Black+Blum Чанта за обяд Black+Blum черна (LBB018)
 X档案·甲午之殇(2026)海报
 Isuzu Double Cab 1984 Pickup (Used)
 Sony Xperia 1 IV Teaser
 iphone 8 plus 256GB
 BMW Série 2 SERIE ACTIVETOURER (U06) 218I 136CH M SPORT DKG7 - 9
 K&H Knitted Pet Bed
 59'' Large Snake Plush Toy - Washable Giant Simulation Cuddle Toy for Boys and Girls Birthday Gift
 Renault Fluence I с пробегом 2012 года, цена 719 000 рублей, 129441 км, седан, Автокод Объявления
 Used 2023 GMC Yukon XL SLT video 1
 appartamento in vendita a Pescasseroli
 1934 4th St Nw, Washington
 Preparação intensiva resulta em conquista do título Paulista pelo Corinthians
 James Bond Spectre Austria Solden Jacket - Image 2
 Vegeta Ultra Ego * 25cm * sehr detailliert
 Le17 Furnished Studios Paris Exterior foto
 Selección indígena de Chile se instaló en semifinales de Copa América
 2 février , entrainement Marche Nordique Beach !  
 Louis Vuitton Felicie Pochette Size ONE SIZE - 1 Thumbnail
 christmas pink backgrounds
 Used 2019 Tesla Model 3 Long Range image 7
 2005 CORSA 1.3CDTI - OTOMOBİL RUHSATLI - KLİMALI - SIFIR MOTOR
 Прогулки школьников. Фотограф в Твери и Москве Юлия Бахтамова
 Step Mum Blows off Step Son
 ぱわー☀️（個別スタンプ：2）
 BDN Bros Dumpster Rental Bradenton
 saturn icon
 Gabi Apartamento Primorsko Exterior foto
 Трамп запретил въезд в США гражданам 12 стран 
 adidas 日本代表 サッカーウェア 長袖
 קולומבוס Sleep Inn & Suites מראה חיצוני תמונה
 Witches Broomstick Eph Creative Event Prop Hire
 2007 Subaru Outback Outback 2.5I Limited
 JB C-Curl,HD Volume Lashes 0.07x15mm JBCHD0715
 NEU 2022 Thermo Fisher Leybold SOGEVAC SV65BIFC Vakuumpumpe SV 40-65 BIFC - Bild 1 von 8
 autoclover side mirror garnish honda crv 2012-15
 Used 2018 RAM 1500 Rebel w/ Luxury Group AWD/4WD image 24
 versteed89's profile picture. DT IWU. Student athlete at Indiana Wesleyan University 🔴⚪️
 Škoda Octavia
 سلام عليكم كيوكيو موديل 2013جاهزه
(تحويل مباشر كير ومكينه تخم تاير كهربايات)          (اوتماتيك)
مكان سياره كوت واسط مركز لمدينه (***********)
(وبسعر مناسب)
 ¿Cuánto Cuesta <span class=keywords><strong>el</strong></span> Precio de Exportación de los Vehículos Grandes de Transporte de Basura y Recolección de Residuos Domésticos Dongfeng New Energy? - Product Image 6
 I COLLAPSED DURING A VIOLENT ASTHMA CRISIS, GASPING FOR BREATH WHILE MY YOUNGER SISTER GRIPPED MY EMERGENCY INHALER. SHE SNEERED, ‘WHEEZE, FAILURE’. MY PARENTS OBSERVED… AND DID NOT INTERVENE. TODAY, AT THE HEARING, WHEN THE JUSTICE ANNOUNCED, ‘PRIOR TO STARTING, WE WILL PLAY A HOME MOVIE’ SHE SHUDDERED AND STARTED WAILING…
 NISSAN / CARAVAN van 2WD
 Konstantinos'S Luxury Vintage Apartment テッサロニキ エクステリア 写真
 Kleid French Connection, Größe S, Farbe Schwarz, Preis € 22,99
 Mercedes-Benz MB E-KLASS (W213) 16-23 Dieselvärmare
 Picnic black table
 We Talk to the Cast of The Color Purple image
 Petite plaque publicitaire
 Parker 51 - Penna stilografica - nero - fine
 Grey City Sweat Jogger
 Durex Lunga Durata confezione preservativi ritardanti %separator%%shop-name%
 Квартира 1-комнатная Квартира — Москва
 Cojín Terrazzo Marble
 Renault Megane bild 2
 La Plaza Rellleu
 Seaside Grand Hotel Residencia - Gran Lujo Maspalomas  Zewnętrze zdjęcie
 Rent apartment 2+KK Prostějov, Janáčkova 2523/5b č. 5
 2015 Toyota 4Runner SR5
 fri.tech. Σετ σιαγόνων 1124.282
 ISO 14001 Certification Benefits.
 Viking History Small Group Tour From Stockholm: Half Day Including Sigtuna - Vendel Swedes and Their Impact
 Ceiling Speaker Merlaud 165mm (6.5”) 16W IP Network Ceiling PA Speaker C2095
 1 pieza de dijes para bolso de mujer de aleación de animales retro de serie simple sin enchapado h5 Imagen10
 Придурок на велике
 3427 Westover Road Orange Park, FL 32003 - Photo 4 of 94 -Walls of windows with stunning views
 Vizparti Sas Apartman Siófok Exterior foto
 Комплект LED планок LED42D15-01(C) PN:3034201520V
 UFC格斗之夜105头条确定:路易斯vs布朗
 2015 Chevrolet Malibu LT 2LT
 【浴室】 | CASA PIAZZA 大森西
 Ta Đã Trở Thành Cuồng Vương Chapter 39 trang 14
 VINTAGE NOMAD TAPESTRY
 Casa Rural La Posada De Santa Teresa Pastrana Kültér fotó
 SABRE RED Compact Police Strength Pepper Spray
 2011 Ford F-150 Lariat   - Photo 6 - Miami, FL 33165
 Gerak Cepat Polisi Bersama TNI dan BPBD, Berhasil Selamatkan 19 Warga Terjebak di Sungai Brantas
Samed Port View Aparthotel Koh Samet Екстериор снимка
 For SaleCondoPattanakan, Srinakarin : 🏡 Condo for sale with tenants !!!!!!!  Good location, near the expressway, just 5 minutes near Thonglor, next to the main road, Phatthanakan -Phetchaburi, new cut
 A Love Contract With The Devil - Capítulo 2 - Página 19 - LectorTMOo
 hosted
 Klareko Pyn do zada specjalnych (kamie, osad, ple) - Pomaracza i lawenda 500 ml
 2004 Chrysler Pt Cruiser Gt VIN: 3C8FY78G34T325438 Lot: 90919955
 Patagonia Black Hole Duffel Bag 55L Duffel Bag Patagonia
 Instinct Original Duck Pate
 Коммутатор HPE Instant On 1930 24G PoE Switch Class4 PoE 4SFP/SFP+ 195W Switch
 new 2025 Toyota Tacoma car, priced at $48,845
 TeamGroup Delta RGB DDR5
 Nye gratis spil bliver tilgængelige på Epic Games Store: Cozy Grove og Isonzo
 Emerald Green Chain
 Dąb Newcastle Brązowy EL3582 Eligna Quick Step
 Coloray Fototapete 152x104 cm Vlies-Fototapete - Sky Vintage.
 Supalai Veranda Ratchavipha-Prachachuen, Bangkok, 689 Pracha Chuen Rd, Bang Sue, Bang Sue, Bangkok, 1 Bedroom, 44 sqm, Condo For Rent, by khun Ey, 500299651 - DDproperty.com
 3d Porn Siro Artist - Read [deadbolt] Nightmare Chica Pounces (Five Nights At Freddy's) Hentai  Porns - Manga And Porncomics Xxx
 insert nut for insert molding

────────

Nothing but the lines from the one holding "UFC格斗之夜105头条确定:路易斯vs布朗" to the end of the entries should be output, each exactly as it appears.

 UFC格斗之夜105头条确定:路易斯vs布朗
 2015 Chevrolet Malibu LT 2LT
 【浴室】 | CASA PIAZZA 大森西
 Ta Đã Trở Thành Cuồng Vương Chapter 39 trang 14
 VINTAGE NOMAD TAPESTRY
 Casa Rural La Posada De Santa Teresa Pastrana Kültér fotó
 SABRE RED Compact Police Strength Pepper Spray
 2011 Ford F-150 Lariat   - Photo 6 - Miami, FL 33165
 Gerak Cepat Polisi Bersama TNI dan BPBD, Berhasil Selamatkan 19 Warga Terjebak di Sungai Brantas
Samed Port View Aparthotel Koh Samet Екстериор снимка
 For SaleCondoPattanakan, Srinakarin : 🏡 Condo for sale with tenants !!!!!!!  Good location, near the expressway, just 5 minutes near Thonglor, next to the main road, Phatthanakan -Phetchaburi, new cut
 A Love Contract With The Devil - Capítulo 2 - Página 19 - LectorTMOo
 hosted
 Klareko Pyn do zada specjalnych (kamie, osad, ple) - Pomaracza i lawenda 500 ml
 2004 Chrysler Pt Cruiser Gt VIN: 3C8FY78G34T325438 Lot: 90919955
 Patagonia Black Hole Duffel Bag 55L Duffel Bag Patagonia
 Instinct Original Duck Pate
 Коммутатор HPE Instant On 1930 24G PoE Switch Class4 PoE 4SFP/SFP+ 195W Switch
 new 2025 Toyota Tacoma car, priced at $48,845
 TeamGroup Delta RGB DDR5
 Nye gratis spil bliver tilgængelige på Epic Games Store: Cozy Grove og Isonzo
 Emerald Green Chain
 Dąb Newcastle Brązowy EL3582 Eligna Quick Step
 Coloray Fototapete 152x104 cm Vlies-Fototapete - Sky Vintage.
 Supalai Veranda Ratchavipha-Prachachuen, Bangkok, 689 Pracha Chuen Rd, Bang Sue, Bang Sue, Bangkok, 1 Bedroom, 44 sqm, Condo For Rent, by khun Ey, 500299651 - DDproperty.com
 3d Porn Siro Artist - Read [deadbolt] Nightmare Chica Pounces (Five Nights At Freddy's) Hentai  Porns - Manga And Porncomics Xxx
 insert nut for insert molding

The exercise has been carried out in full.